Title

Exercise: A.2 - Multi-collinearity vs Model Predictions

Description

The goal of this exercise is to see how multi-collinearity can affect the predictions of a model.

For this, perform a multi-linear regression on the given dataset and compare the coefficients with those from simple linear regression of the individual predictors.

Roadmap

  • Read the dataset 'colinearity.csv' as a dataframe
  • For each of the predictor variable, create a linear regression model with the same response variable
  • Compute the coefficients for each model and store in a list.
  • Fit all predictors using a separate multi-linear regression object
  • Calculate the coefficients of each model
  • Compare the coefficients of the multi-linear regression model with those of the simple linear regression model.
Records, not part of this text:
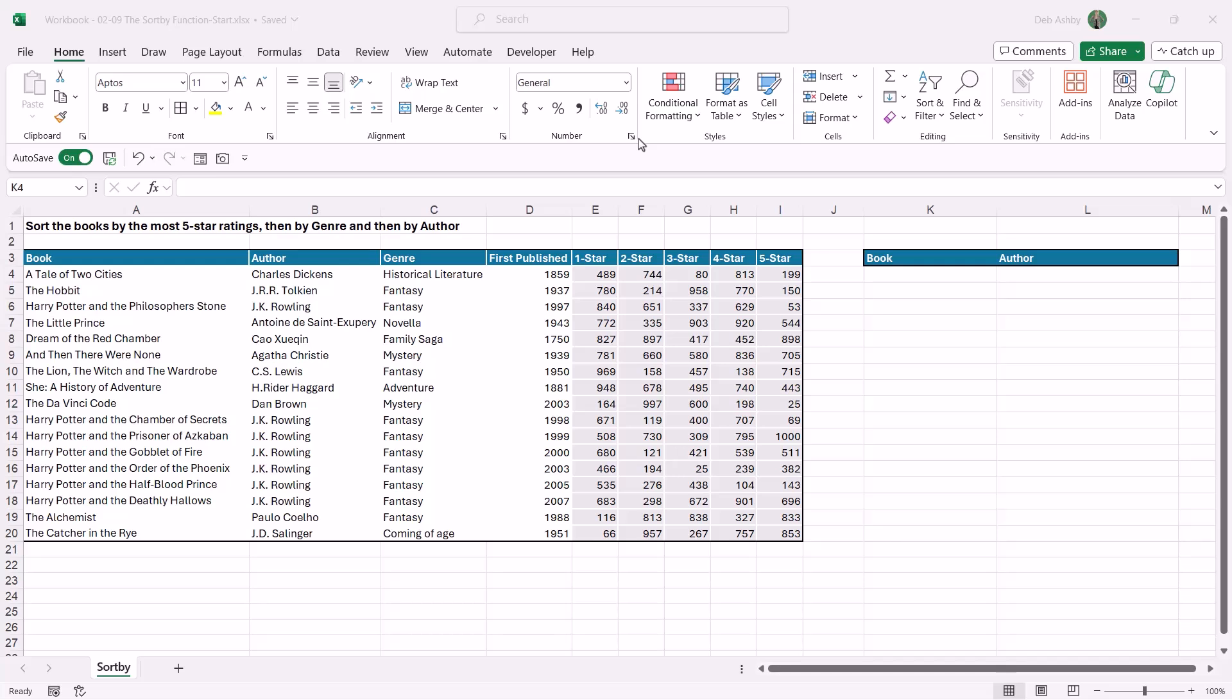SORTBY is pretty similar to SORT, but it allows us to sort by multiple columns and instead of using index numbers, it uses column names. I will say that if you can understand how SORT works, then you're going to pick up SORTBY in no time. So let's take a look at our data here.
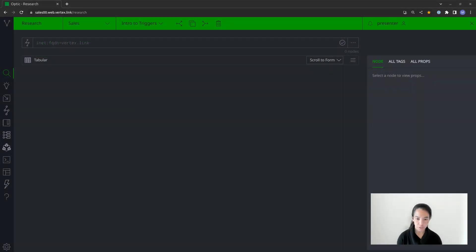This app supports two different types of automation. There's cron, which are scheduled jobs, and then triggers, which are event-based. In this video, we're going to be talking about triggers.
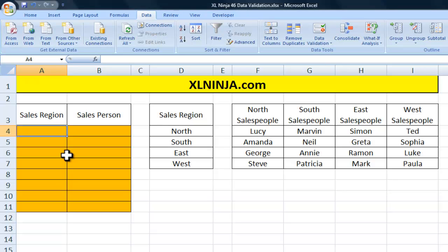Hi, this is Aldo from ExcelNinja.com. In this video we'll be looking at how to validate data using dependent lists.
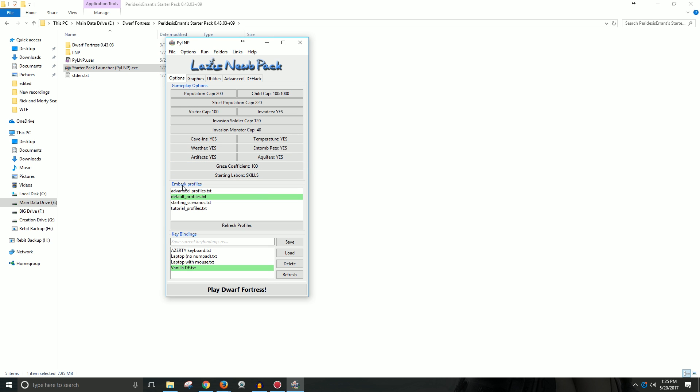Next comes embark, embark profiles. So when you embark in a site, you have these different profiles for what skills and what type of dwarves you can embark with. You can even set up your own personalized one. But they have a whole bunch of ones right here that you can do, that you can have. And I'm pretty sure that there's some you can even download and put in manually if you want.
DISCUSSION: Why do you think the coefficients change and what does it mean?

Hints

LinearRegression() : Returns a linear regression object from the sklearn library.

LinearRegression().coef_ : This attribute returns the coefficient(s) of the linear regression object

sklearn.fit() : Fit linear model

df.reshape() : Return a ndarray with the values in the specified shape

Note: This exercise is auto-graded and you can try multiple attempts.

In [2]:
# import libraries
import pandas as pd
import numpy as np
import seaborn as sns 
import matplotlib.pyplot as plt
from sklearn.linear_model import LinearRegression
from pprint import pprint
%matplotlib inline
In [3]:
# Read the file named "colinearity.csv"

df = pd.read_csv("colinearity.csv")
In [5]:
#Take a quick look at the dataset

df.head()
Out[5]:
x1 x2 x3 x4 y
0 -1.109823 -1.172554 -0.897949 -6.572526 -158.193913
1 0.288381 0.360526 2.298690 3.884887 198.312926
2 -1.059194 0.833067 0.285517 -1.225931 12.152087
3 0.226017 1.979367 0.744038 5.380823 190.281938
4 0.664165 -1.373739 0.317570 -0.437413 -72.681681

Creation of Linear Regression Objects

In [9]:
# Choose all the predictors as the variable 'X' (note capitalization of X for multiple features)

X = df.drop([___],axis=1)

# Choose the response variable 'y' for y values

y = df.___
In [13]:
### edTest(test_coeff) ###

# Here we create a dictionary that will store the Beta values of each linear regression model
linear_coef = []

for i in X:
    
    x = df[[___]]

    #Create a linear regression object
    linreg = ____

    #Fit it with training values. 
    #Remember to choose only one column at a time as the predictor variable
    linreg.fit(___,___)
    
    # Add the coefficient value of the model to the list
    linear_coef.append(linreg.coef_)

Multi-Linear Regression using all variables

In [20]:
# Here you must do a multi-linear regression with all predictors

# use sklearn library to define a new model 'multi_linear'
multi_linear = ____

# Fit the multi-linear regression on all features and the response

multi_linear.fit(___,___)

# append the coefficients (plural) of the model to a variable multi_coef

multi_coef = multi_linear.coef_

Printing the individual $\beta$ values

In [24]:
# Run this command to see the beta values of the linear regression models

print('By simple(one variable) linear regression for each variable:', sep = '\n')

for i in range(4):
    
    pprint(f'Value of beta{i+1} = {linear_coef[i][0]:.2f}')
By simple(one variable) linear regression for each variable:
'Value of beta1 = 34.73'
'Value of beta2 = 68.63'
'Value of beta3 = 59.40'
'Value of beta4 = 20.92'
In [26]:
### edTest(test_multi_coeff) ###

#Now let's compare with the values from the multi-linear regression
print('By multi-Linear regression on all variables')
for i in range(4):
    pprint(f'Value of beta{i+1} = {round(multi_coef[i],2)}')
By multi-Linear regression on all variables
'Value of beta1 = -24.61'
'Value of beta2 = 27.72'
'Value of beta3 = 37.67'
'Value of beta4 = 19.27'

Why do you think the $\beta$ values are different in the two cases?

In [27]:
corrMatrix = df[['x1','x2','x3','x4']].corr() 
sns.heatmap(corrMatrix, annot=True) 
plt.show()